PROBLEM TO WORK ON
Nothing before the line containing "this 1020×574 image." belongs in the answer; quote that line and all lines after it through the end of the material, word for word.

MATERIALS PROVIDED

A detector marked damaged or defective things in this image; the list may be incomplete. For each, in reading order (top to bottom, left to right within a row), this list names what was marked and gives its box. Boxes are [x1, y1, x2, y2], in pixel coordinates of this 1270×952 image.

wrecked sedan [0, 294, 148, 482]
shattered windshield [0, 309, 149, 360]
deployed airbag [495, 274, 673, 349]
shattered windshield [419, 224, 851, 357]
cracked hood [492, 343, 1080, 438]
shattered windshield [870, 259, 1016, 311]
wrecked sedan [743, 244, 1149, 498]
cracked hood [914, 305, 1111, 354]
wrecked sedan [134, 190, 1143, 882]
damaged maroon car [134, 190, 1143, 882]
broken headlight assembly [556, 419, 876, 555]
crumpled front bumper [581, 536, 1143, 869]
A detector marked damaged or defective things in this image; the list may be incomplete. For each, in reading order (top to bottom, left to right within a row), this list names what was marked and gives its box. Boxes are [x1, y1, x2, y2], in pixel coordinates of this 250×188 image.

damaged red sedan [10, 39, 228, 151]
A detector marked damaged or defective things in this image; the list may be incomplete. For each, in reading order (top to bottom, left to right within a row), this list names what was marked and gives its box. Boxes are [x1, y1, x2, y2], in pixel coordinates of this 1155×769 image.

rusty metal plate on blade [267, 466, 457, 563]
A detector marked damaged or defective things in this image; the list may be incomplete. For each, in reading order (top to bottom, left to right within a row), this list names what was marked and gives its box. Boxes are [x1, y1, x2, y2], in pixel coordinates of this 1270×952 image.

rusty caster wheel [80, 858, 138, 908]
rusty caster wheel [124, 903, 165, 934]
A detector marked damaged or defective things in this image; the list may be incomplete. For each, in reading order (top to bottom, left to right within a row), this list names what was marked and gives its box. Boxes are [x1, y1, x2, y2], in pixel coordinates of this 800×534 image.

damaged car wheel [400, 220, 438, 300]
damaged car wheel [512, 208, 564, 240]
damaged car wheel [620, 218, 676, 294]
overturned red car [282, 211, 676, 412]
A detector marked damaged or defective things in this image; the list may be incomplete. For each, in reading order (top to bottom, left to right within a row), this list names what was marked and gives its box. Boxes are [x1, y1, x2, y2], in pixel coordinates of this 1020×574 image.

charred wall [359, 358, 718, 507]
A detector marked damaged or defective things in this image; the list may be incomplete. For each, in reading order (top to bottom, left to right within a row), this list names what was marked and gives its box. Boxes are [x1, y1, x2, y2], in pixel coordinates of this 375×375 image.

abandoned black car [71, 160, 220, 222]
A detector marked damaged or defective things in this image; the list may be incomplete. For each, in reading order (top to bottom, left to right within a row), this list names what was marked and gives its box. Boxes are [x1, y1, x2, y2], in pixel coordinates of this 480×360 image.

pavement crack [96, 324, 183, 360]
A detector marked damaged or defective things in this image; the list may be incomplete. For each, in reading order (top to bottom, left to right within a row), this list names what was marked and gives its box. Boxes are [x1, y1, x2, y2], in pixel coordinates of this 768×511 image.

ANSWER AREA
A detector marked damaged or defective things in this image; the list may be incomplete. For each, in reading order (top to bottom, left to right within a row), this list names what was marked and gives its box. Boxes are [x1, y1, x2, y2], in pixel coordinates of this 1020×574 image.

charred wall [359, 358, 718, 507]
A detector marked damaged or defective things in this image; the list may be incomplete. For each, in reading order (top to bottom, left to right within a row), this list names what was marked and gives its box. Boxes are [x1, y1, x2, y2], in pixel coordinates of this 375×375 image.

abandoned black car [71, 160, 220, 222]
A detector marked damaged or defective things in this image; the list may be incomplete. For each, in reading order (top to bottom, left to right within a row), this list names what was marked and gives its box. Boxes are [x1, y1, x2, y2], in pixel coordinates of this 480×360 image.

pavement crack [96, 324, 183, 360]
A detector marked damaged or defective things in this image; the list may be incomplete. For each, in reading order (top to bottom, left to right within a row), this list names what was marked and gives its box. Boxes are [x1, y1, x2, y2], in pixel coordinates of this 768×511 image.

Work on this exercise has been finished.